My sister and I were talking about our relationships with our husbands. It wasn't about putting them down or anything hateful. It was how it's hard to see love in "the crumbs", when we need other affirmations or experiences. She said to me that we need to pile up the crumbs and see how big their love is. It made sense.
I have been told to see my husband's service and gifts as his love, even if he doesn't speak the affirmations or give me the quality time-priority that I want and need. I tried that. It helped some but in those lonely times, those times when a warm, pretty word of my value as a wife is needed, my husband serving me a hot cup of coffee with warmed creamer doesn't fill that need. When I need to be wanted and the sense of belonging is tugging at my heart, his patiently fastening my necklace doesn't quite suffice my hunger. I have broken trust and insecurities.
However, what if I piled up the crumbs. What would I see. How high the pile would be! I could bury my face in them and fill my aching grumble within. Even in my husband's imperfection, short comings, and painful disappointments to me, I can find some moments of his love.
Things happen in relationships - in strong marriages. These things are troublesome. They are weakening. Some seem unforgiveable. Some keep re-occurring that our spouse's integrity is questioned. This I know by experience. I can choose to be strung along by false crumbs to keep me in a toxic relationship with no peace, or I can decipher and determine if the crumbs are a foundation of his love...giving me a big pile of love. The question is how do I know if the crumbs are sustaining, nourishing, and given in love? I must look at the quality of the crumb and the consistency of the pieces.
My sister and I were thinking of ways we get annoyed when our "wants" are not met, yet our husbands are consistent in other ways that we would not want to live without, or that we know some husbands wouldn't do. We are blessed that ours do.
Many of my Christian readers are saying "Why don't you get your insecurities and emotional needs met in Jesus. Jesus is enough, etc.?" He is and He is truly my all and all. However, as a wife of a husband that He put me in covenant with, I have a need for my physical husband to fulfill parts of me as a wife - after being depleted. Not going to get into the reason why.

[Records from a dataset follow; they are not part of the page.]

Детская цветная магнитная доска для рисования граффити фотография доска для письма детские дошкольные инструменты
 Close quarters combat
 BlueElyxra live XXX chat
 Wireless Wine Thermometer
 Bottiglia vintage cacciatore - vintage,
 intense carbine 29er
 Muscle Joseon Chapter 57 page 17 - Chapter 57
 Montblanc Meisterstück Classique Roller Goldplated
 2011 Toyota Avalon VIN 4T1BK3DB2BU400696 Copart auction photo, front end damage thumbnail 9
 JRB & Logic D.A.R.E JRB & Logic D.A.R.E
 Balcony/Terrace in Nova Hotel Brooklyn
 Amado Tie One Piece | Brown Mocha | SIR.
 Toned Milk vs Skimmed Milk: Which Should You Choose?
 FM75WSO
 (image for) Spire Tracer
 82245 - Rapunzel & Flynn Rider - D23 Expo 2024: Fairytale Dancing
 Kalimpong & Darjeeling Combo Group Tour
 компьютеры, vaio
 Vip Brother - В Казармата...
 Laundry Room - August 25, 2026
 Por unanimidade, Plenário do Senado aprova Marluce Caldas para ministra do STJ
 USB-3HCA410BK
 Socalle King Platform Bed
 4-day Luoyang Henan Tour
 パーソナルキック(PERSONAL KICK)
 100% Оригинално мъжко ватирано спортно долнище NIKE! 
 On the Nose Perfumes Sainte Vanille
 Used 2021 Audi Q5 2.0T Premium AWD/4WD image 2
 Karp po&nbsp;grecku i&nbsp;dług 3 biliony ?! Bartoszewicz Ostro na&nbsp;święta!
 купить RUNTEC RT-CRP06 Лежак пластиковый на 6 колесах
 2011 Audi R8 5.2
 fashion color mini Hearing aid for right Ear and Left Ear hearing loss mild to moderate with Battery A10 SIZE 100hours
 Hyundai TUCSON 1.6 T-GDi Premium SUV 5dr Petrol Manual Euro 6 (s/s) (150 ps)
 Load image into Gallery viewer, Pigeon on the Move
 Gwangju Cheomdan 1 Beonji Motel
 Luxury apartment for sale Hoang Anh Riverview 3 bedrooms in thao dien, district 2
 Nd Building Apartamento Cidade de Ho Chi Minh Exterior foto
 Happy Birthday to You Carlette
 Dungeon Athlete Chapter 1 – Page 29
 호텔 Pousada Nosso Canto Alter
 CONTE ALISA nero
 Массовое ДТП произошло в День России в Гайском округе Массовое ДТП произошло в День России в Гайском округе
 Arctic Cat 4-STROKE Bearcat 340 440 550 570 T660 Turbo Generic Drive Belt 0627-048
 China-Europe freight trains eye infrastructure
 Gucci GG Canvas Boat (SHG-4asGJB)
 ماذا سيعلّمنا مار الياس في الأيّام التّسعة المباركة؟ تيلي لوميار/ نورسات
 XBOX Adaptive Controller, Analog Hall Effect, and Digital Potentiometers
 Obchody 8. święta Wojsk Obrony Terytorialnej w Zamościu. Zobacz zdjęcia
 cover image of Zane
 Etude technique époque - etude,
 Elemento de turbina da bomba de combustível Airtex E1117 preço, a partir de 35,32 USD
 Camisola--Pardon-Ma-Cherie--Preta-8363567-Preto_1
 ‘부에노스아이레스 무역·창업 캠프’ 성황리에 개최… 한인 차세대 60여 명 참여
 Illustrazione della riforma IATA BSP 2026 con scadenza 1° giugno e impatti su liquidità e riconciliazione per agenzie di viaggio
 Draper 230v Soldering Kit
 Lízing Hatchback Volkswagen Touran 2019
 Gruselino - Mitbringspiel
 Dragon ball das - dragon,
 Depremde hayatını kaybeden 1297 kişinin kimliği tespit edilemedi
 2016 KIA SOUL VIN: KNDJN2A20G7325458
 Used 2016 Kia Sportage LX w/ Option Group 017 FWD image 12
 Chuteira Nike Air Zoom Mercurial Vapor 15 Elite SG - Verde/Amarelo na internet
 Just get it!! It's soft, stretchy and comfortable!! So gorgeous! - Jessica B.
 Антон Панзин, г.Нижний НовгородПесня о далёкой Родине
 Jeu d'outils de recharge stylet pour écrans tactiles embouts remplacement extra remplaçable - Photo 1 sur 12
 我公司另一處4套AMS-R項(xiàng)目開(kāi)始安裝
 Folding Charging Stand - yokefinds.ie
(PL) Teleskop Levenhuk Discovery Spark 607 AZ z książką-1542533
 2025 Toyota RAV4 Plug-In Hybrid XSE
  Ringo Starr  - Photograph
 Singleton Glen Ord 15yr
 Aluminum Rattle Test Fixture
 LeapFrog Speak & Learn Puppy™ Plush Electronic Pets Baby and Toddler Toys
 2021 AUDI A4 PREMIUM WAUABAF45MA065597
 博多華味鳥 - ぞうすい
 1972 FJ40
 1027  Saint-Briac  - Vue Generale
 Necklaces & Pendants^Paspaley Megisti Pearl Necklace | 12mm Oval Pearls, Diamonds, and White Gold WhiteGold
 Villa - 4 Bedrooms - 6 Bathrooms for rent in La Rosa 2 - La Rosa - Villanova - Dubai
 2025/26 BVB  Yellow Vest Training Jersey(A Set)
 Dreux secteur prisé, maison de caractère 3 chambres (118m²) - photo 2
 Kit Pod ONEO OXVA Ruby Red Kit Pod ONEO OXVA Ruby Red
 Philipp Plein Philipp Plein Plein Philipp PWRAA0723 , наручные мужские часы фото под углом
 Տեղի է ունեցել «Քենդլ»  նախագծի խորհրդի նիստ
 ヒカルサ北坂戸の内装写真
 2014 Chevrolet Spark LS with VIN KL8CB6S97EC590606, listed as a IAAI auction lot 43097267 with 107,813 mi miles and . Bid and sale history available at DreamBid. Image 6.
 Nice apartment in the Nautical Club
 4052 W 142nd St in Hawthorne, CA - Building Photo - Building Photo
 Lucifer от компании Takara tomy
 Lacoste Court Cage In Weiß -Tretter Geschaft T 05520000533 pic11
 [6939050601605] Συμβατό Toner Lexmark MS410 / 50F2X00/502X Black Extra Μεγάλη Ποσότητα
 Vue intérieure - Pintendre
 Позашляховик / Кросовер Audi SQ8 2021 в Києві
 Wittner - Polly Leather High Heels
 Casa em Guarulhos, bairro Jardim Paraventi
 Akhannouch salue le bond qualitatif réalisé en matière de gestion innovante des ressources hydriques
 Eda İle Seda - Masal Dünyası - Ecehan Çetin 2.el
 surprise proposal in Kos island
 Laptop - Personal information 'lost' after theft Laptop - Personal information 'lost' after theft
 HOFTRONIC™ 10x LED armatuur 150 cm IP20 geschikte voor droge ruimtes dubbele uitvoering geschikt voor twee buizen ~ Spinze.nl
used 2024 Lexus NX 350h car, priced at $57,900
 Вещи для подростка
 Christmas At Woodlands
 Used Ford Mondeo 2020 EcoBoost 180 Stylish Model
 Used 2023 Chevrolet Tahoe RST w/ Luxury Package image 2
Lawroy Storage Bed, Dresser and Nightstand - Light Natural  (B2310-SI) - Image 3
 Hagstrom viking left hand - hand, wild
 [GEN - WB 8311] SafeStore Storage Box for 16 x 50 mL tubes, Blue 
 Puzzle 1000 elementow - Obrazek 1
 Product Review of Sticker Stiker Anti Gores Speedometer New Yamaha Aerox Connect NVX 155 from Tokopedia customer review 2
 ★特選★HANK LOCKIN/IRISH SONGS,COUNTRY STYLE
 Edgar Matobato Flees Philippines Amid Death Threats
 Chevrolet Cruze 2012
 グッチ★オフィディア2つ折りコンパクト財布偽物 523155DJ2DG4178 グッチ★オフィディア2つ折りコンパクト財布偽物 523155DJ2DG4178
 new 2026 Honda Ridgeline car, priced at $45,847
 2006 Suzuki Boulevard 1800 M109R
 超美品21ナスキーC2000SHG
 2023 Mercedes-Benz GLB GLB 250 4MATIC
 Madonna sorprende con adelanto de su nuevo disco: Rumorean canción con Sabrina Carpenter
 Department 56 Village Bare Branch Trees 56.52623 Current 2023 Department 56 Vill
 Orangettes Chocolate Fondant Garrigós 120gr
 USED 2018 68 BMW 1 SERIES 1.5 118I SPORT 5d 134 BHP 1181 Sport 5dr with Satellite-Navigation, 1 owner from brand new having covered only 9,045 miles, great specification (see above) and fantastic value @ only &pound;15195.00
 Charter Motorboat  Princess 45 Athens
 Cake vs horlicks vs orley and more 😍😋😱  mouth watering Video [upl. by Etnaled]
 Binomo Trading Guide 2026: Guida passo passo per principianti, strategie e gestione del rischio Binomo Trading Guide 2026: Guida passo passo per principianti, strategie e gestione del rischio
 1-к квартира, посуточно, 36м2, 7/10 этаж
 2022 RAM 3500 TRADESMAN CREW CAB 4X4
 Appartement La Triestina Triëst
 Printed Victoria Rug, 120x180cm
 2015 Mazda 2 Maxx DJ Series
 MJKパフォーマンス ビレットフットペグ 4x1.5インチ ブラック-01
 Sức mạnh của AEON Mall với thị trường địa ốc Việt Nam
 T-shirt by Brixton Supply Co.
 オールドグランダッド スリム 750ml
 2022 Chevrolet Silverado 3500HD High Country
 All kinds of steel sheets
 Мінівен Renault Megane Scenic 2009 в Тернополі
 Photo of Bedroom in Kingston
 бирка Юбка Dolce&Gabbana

The point of this blog is to help me and others see that the precious things that our spouses do - the things that seem ordinary are sometimes accessed as routine, or small. They are not. They are "crumbs" of familiarity. After years and years of being a recipient, I can stack the times and experiences on high. I can smile. I can dive into his love. I can also convey to my husband my desire for him to speak my love language and meet my needs, but then I need to pray in faith that he will be more mindful to do so.
I need to enjoy the crumbs as significant. Taste and see that God is good and the husband He gave me is as well. We have done "marriage" imperfectly, yet I know that our marriage is worth working hard to save when things get beyond being annoyed.